Thought

Jul. 23rd, 2007 11:59 pm
deathboy: (Default)
[personal profile] deathboy
Why is process priority not fundamental to modern operating systems?

Everyone knows which programs they care more about.

Give us a simple handle to say "this thing first, quickest, best / that thing... feh. later. when it's ready."

Is there something like Process Explorer that will remember the process priority I like for a program?

If you say "buy a mac", I will literally fuck your parents.

I don't even know if OS-X does that, I'm just eager for some MILF action.

Date: 2007-07-24 12:04 am (UTC)
From: [identity profile] deathboy.livejournal.com
touché.

I meant for 'doze.

I understand how it classes as a "move to *nix" argument, I just don't see why XP hasn't managed to do this, because it's not an *entirely* arse OS.

ho hum. I suffer because I suck the MSwang.
(deleted comment)

Date: 2007-07-24 08:20 am (UTC)
From: [identity profile] aoakley.livejournal.com
Whilst I enjoy a bit of MS-baiting as much as the next beardie-weirdie, the fact is that Windows NT (upon which 2000 and XP was based) was written from the ground-up to incorporate process priorities, and they do work. NT was based on the VMS (http://en.wikipedia.org/wiki/OpenVMS) operating system, for which I have a lot of respect, and is still widely used on big-grunt minicomputers in the financial industry today.

Some processor-intensive applications for NT/2K/XP, such as the VirtualDub video encoder, already provide drop-down lists for users to select priority.

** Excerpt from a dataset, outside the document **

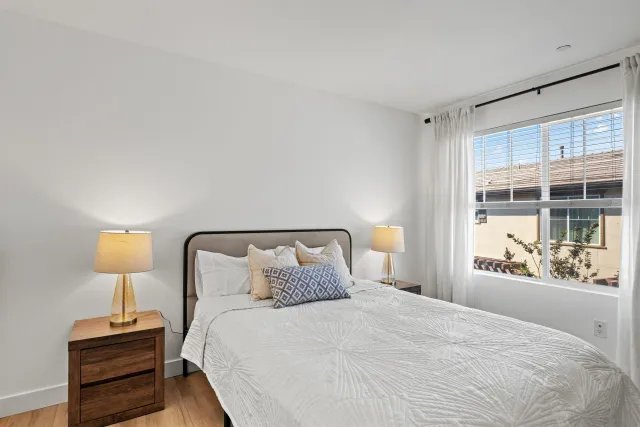 a bedroom with a bed and night stand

DeathBoyOrScottToHisMum's issue is that outside these few key applications, the functionality to manually select process priorities on WinNT/2K/XP is almost entirely hidden from the user, which to be fair for 99.99% of desktop users is probably the right way to do things (otherwise they'll be n00bs and not understand why ramping Internet Explorer up to "highest priority", far from speeding up their downloads, actually just locks up the machine).

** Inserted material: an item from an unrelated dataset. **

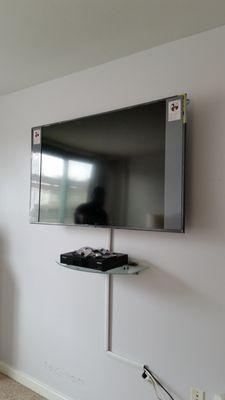 TV and shelf mounting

On further investigation it seems that the *nix nice command is part of the GNU CoreUtils for Windows (http://www.gnu.org/software/coreutils/) package, although renice appears to be missing. The manual page for the Windows nice command (http://www.gnu.org/software/coreutils/manual/html_node/nice-invocation.html) states that "niceness is merely advice to the scheduler, which the scheduler is free to ignore" which may be a polite way of saying "this command doesn't actually work", but it would be worth having a try.